What are 3 things guaranteed in the Bill of Rights?

The most common constitutional violations went unchallenged because the people whose rights were most often denied were precisely those members of society who were least aware of their rights and least able to afford a lawyer. They had no access to those impenetrable bulwarks of liberty - the courts. The Bill of Rights was like an engine no one knew how to start.

In the Public Interest

In 1920, a small group of visionaries came together to discuss how to start the engine. Led by Roger Baldwin, a social worker and labor activist, the group included Crystal Eastman, Albert DeSilver, Jane Addams, Felix Frankfurter, Helen Keller and Arthur Garfield Hayes. They formed the American Civil Liberties Union (ACLU) and dedicated themselves to holding the government to the Bill of Rights' promises.

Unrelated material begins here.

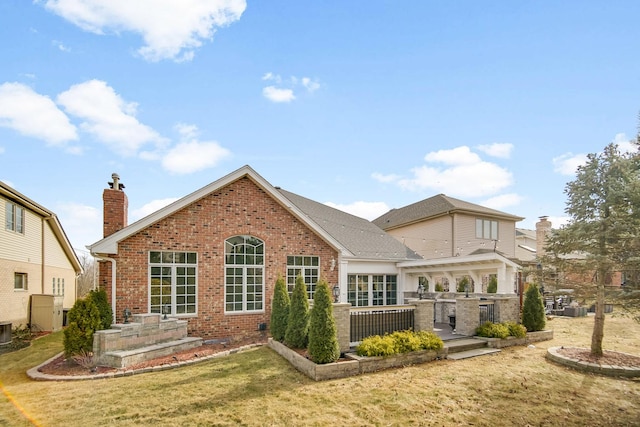 back of property with cooling unit and a yard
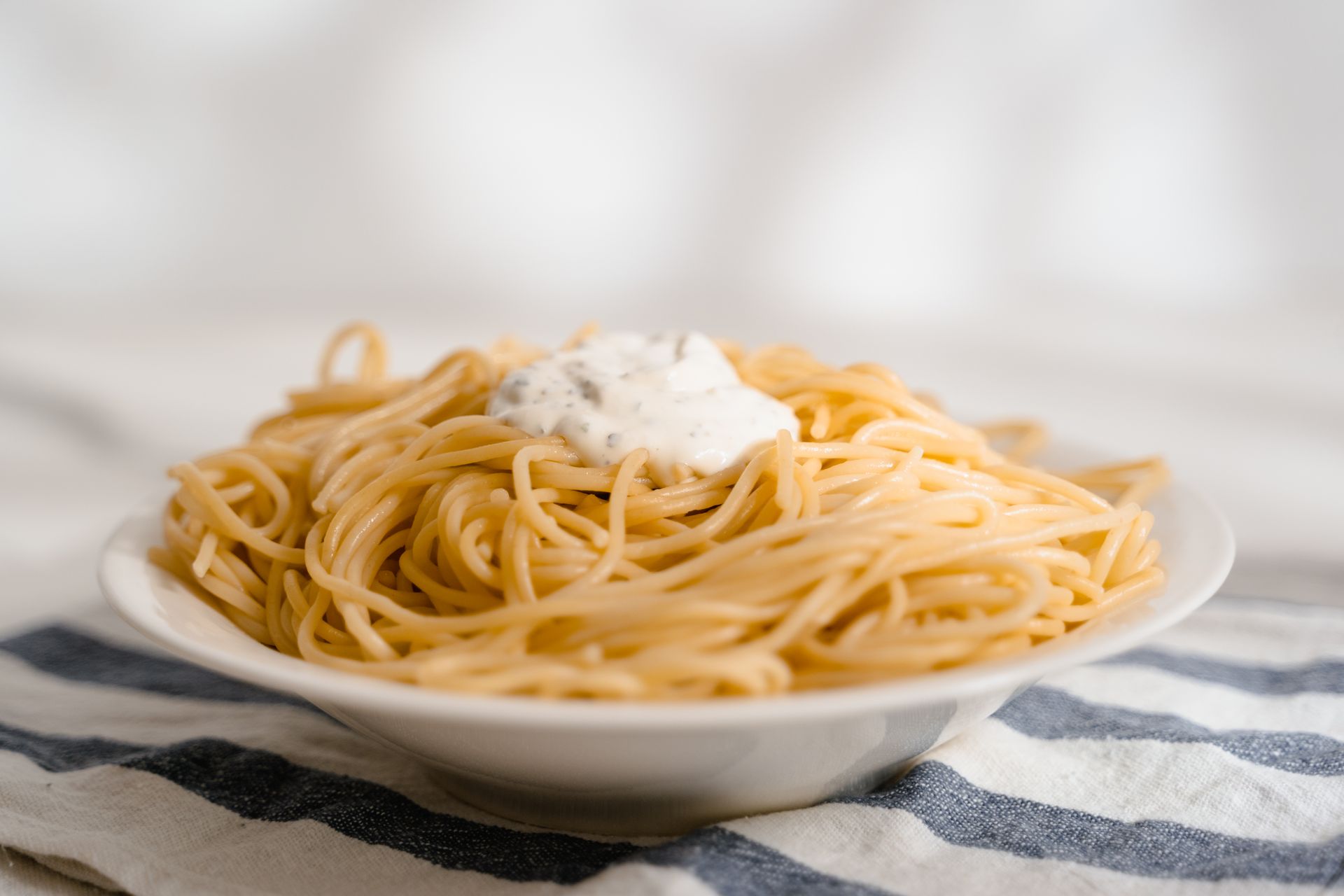 Buttered noodles with Parmesan on a white plate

The ACLU, the NAACP, founded in 1909, and labor unions, whose very right to exist had not yet been recognized by the courts, began to challenge constitutional violations in court on behalf of those who had been previously shut out. This was the beginning of what has come to be known as public interest law. They provided the missing ingredient that made our constitutional system and Bill of Rights finally work. 

Although they had few early victories, these organizations began to create a body of law that made First Amendment freedoms, privacy rights, and the principles of equality and fundamental fairness come alive. Gradually, the Bill of Rights was transformed from a "parchment barrier" to a protective wall that increasingly shielded each individual's unalienable rights from the reach of government. 

Enormous progress was made between 1954 and 1973, when many rights long dormant became enforceable. Today, those achievements are being heavily challenged by a movement dedicated to rolling back the reach and effectiveness of the Bill of Rights and to undermining the independence of our courts.

The development of the Bill of Rights was a pivotal event in the long story of liberty, but it is a story that is still unfolding.

Rights, But Not for Everyone

The Bill of Rights seemed to be written in broad language that excluded no one, but in fact, it was not intended to protect all the people - whole groups were left out. Women were second-class citizens, essentially the property of their husbands, unable even to vote until 1920, when the 19th Amendment was passed and ratified.

Native Americans were entirely outside the constitutional system, defined as an alien people in their own land. They were governed not by ordinary American laws, but by federal treaties and statutes that stripped tribes of most of their land and much of their autonomy. The Bill of Rights was in force for nearly 135 years before Congress granted Native Americans U.S. citizenship.

And it was well understood that there was a "race exception" to the Constitution. Slavery was this country's original sin. For the first 78 years after it was ratified, the Constitution protected slavery and legalized racial subordination. Instead of constitutional rights, slaves were governed by "slave codes" that controlled every aspect of their lives. They had no access to the rule of law: they could not go to court, make contracts, or own any property. They could be whipped, branded, imprisoned without trial, and hanged. In short, as one infamous Supreme Court opinion declared: "Blacks had no rights which the white man was bound to respect."

It would take years of struggle and a bloody civil war before additional amendments to the Constitution were passed, giving slaves and their descendants the full rights of citizenship - at least on paper:

  • The 13th Amendment abolished slavery;
  • The 14th Amendment guatanteed to African Americans the right of due process and equal protection of the law;
  • The 15th Amendment gave them the right to vote;

But it would take a century more of struggle before these rights were effectively enforced.